For a moment, no one breathed. Ronan’s focus shifted from my face to Specter’s arms still loosely around me, and something dangerous flashed across his expression—a flash of possessive fury quickly mastered.
The air crackled with unspoken tension. Specter didn’t immediately release me—instead, he helped me to my feet with deliberate care, a subtle provocation that made Ronan’s jaw tighten visibly.
I stood between them, suddenly the focal point of a silent confrontation between predators. The basement hummed with tension—neither man willing to break eye contact or yield ground.
Ronan’s fingers curled at his sides—not quite fists, but the promise of violence. Specter shifted his weight forward slightly, adjusting his stance. The message in both movements was clear—they were measuring each other, calculating risks and advantages.
The electronic chirp of Specter’s phone broke the standoff with jarring suddenness.
I seized the moment to wipe tears from my face, returning to my workstation with forced steadiness. The scattered papers from my outburst still littered the floor, but I stepped over them, focusing on my laptop with manufactured concentration.
“I have to take this,” Specter said, voice neutral as he stepped away to answer.
My fingers hovered over the keyboard, typing nothing, simply needing somewhere to fix my attention that wasn’t Ronan. His presence filled the room like a physical pressure—still by the doorway, still watching, rainwater pooling at his feet.
Specter’s voice dropped to a low, urgent murmur as he turned away. His posture changed instantly—the man who awkwardly comforted me vanishing, replaced by the predator receiving hunting coordinates.
Boot heels clicked against concrete as Ronan finally moved from the doorway. I tensed, refusing to look up, my pride a fragile shield against whatever might come next.
Metal scraped against metal from the direction of the weapons table—the familiar sounds of a man preparing for violence. Magazine checks. Blade inspection. The routines that centered him.
Specter ended his call and turned back to face us. For a heartbeat, the basement felt impossibly crowded—three broken people with lethal skills crowded into a space barely large enough for one.
“We have Brock’s location,” he announced without preamble.
My head snapped up, and all other concerns were temporarily suspended. This was our first concrete lead since escaping Brock’s facility.
“Where?” Ronan’s voice was sandpaper-rough, as if he’d spent hours in silence.
“Private house owned by Oblivion outside Campinas,” Specter replied, his eyes shifting between us. “My contacthas confirmed that no one from Oblivion should intervene.
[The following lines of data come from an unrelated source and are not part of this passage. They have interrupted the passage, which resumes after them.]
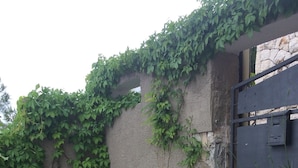 Une terrasse dallée de pierres, avec un bac à plantes en béton et un portail en métal.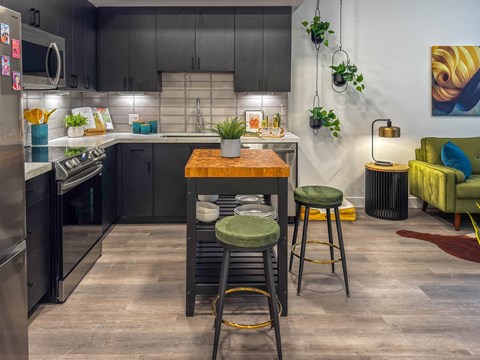 A kitchen with a table and chairs in the middle of it.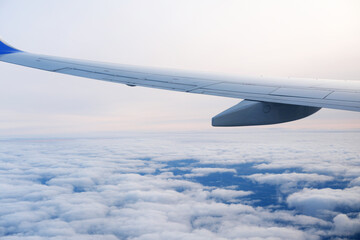 Serene Sky and Airplane Wing at High Altitude. Calm view of a clear sky with an airplane wing...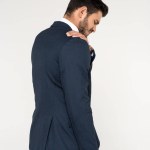 Back view of young businessman suffering from ache in shoulder isolated on grey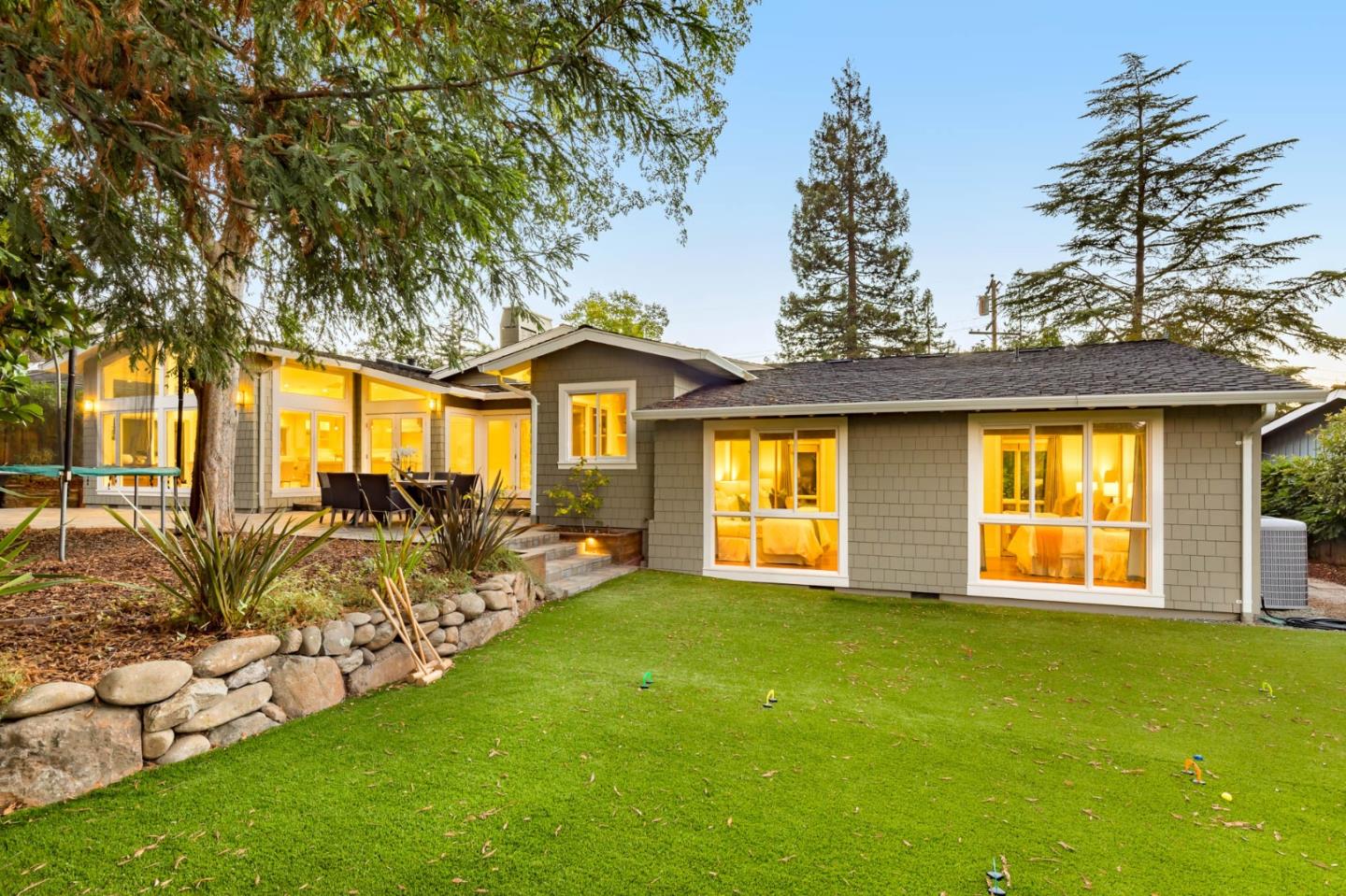 631 La Mesa Drive Portola Valley, CA 94028 - Photo 23 of 27 a front view of a house with a garden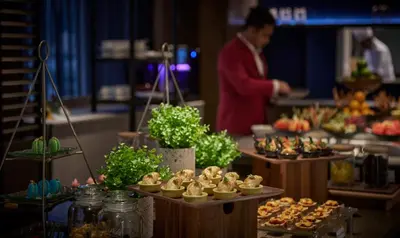 a buffet of food on display in a restaurant at Amari SPICE Penang in Bayan Lepas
Brock’s running this operation off-book.”
“Which means he’ll have his own security,” Ronan stated, moving toward the weapons table with predatory focus.
“Extensive security,” Specter corrected. “My contact can’t help directly—they’ve risked enough just giving us this intel.”
Ronan nodded once, all business now. “Then we’ll handle it ourselves. You and I ca...”
“No,” Specter cut him off with surprising firmness. “This isn’t a two-man job. Not with Brock’s resources.” His eyes flicked briefly to me before returning to Ronan. “We’re going to need a third pair of hands.”
Chapter 23
Maeve
I slammed my fingers against the keyboard, each keystroke punctuating my anger. The basement air hung heavy with tension, the harsh fluorescent lights casting everything in unforgiving clarity.
Focus. I needed to focus.The mission was tomorrow, and if I didn’t finish compiling this evidence, everything we’d risked would be for nothing. Specter had slipped out an hour ago to gather “equipment”—his deliberately vague explanation telling me everything and nothing. The thought of what weapons he was collecting made my stomach clench.
My eyes burned, vision blurring from exhaustion. I blinked hard, refusing to acknowledge the headache building behind my temples. Sleep wasn’t an option—not after what had happened earlier.
Ronan’s words still cut fresh, “She’s not going in.” Three words, delivered with such cold finality that even Specter had hesitated.
But Specter had won that argument. “She’s the only one who can handle the security hub,” he’d insisted. “Withoutsomeone managing those systems, we’re walking into a death trap.”
The logic was undeniable. The security protocols I’d uncovered in the Oblivion files required someone with my specific knowledge. Someone who understood the systems well enough to create a diversion while Ronan and Specter found Brock.
Someone expendable.
I glanced across the room where Ronan sat dismantling a handgun, efficiency in every action. His shoulders formed a rigid line, tension visible even from there. He hadn’t spoken a word to me in hours.